In third world country's where methane generators have been used for cooking, they use ordinary steel wool for control of flash back, but the gas ( methane ) is coming from the generator clean and dry.

Gas from the HHO cell is coming off with some lye, the bubbler is also doing duty as a scrubber removing lye, with screen installed a diffuser to break large hydrogen bubbles into smaller ones.

Not everything gets scrubbed in a small bubbler, the lye which is visible in the flame as the orange colour produced at the torch, I would rather see you use a commercially made flash arrestor manufactured by a reputable company not some Chinese crap. 

Use the red arrestor, the treads are LH for a reason, to distinguish flammable gas from other non flammable, natural gas and propane pipes coming into a building have to be either be painted yellow or have yellow tape affixed every so many feet. 
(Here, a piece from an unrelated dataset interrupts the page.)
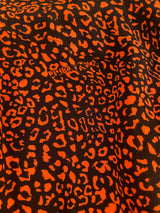 Blusa Estampado Animal Print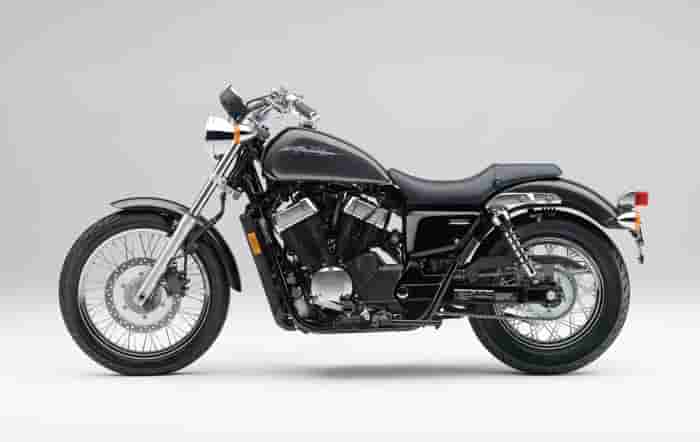 2010 Honda VT750RS Shadow RS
Helps keep people safe knowing what's inside that pipe. . http://tinyurl.com/5vn6doa

Install the arrestor on the end of your hose just before it attaches to the torch.

Regards
Gill


----------



## stihl88

Nice work on those plans Rusty!

Samuel, i did the exact same as you, i used some fine copper magnet wire which was tightly packed into the handle of the torch but it flashed back and near on blew my eardrums out. So what i used is some aquarium bubbler's (The waxy plastic type). The link Ive posted below shows another way of using aquarium bubbler's http://www.youtube.com/watch?v=I3oTNDPoCjA


BTW, sign you selves up to this HHO Forum for some good articles > http://www.hhoforums.com/index.php
In the search box type HHO Torch.


----------



## HAuCl4

Thanks for the plans rusty. An eye opener is that almost everyone that has built one of those small HHOs has had one explosion or more. :shock: 

Good thing they were small HHO setups...

Love your signature stihl88. Maybe add some of the precipitant reactions too?. SMB, sodium nitrite, and oxalic acid?. 8)


----------



## stihl88

Cheers, ive tweaked the Sig a bit since you posted. I plan on adding the AR ingredients to dissolve 1g of Gold instead of 1 Toz.
I found an old symbol for T Oz, looks ok i say.


----------



## samuel-a

Here is the photos:

Cell without the bubbler





Nozzle tip and flashback arrestor


----------



## HAuCl4

What type of electrolyte works best?. How do you get rid of the sodium/yellow flame?. If it can be made safe I want to try it!. 2800 C can make silver and copper boil or oxidize, and leave a pure gold crystal behind. :idea: 8) :shock:

Torches instead of induction. Gold instead of silicon. Run upside down to keep the higher melting point PGMs on the bottom zone and the pure single crystal of gold on the top. :idea:

Thanks for the ideas guys!. 8)


----------



## stihl88

Looks great Sam, what sort of output are you getting from that setup? Nice hot flame yeah?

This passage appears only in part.